Members of Congress representing Queens are attempting to get a College Point pizzeria deliveryman released from Immigration and Customs Enforcement (ICE) custody and learn more about why he was detained.

The group of 14 representatives — including Congress members Grace Meng, Nydia Velazquez, Joseph Crowley, Hakeem Jeffries, Gregory Meeks, Thomas Suozzi, Carolyn Maloney and Senator Charles Schumer — sent letters on June 22 to ICE and the Fort Hamilton Army Base in Brooklyn in relation to the arrest of Pablo Villavicencio.

A resident of Hempstead, Long Island, Villavicencio delivered a pizza to Fort Hamilton earlier this month while working for Nonna Delia’s pizzeria despite not having a driver’s license. He presented his IDNYC card to military police, who then performed a background check and found that Villavicencio had an open order of deportation dating back to 2010.

In the letter to ICE official Tom Decker, director of the New York field office, the Congress members pointed out that Villavicencio actually had a pending appeal through the United States Citizenship and Immigration Services department related to his deportation case, but he was detained by ICE anyway.

“Living in the United States, he has dedicated his life to his family — his daughters and wife — whom are all U.S. citizens,” the letter said. “Mr. Villavicencio’s friends, family and the greater community at large request that he be granted release from custody as he exercises the right to exhaust all his legal options before being removed from the United States.”

The Congress members also announced their full support of Villavicencio’s appeal.

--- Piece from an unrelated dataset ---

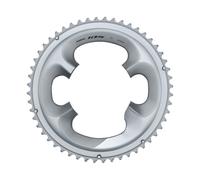 SHIMANO Corona 52d MT 105 FC-R7000 Double 52/36d 11v Argent SH-Y1WV98040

The letter to Colonel Peter Sicoli, commanding officer of the Fort Hamilton Army Base, was much more detailed. The Congress members expressed concern over the “questionable” circumstances surrounding Villavicencio’s detention at the base and requested an explanation of the base’s policies.

“The actions taken by the post generate pressing questions about Fort Hamilton’s current policies, which are critical to maintaining public trust and safety,” wrote the lawmakers. “Furthermore, it can be argued that the practices employed in this particular scenario may fall outside the immediate responsibilities of Fort Hamilton’s guards.”

The lawmakers explained that while the Department of Defense policy requires anyone without an official identification to go through a background check, it is unclear why that policy would apply to someone who is not at the post for official business. The background check was also performed despite a fellow officer pleading that it should not be conducted, according to the letter.

The letter even specifically asked about Fort Hamilton’s policies toward deliveries, if drivers can decline the background check if they choose to not enter the facility, whether or not they were made aware of that right and if any other drivers have been detained in similar situations. It also referred to a New York Times report in which Villavicencio’s attorney suggested that he did not consent to the background check.

The Congress members requested a formal response from Col. Sicoli within 15 calendar days.

Villavicencio’s wife and two young daughters are all U.S. citizens, and he has no criminal record.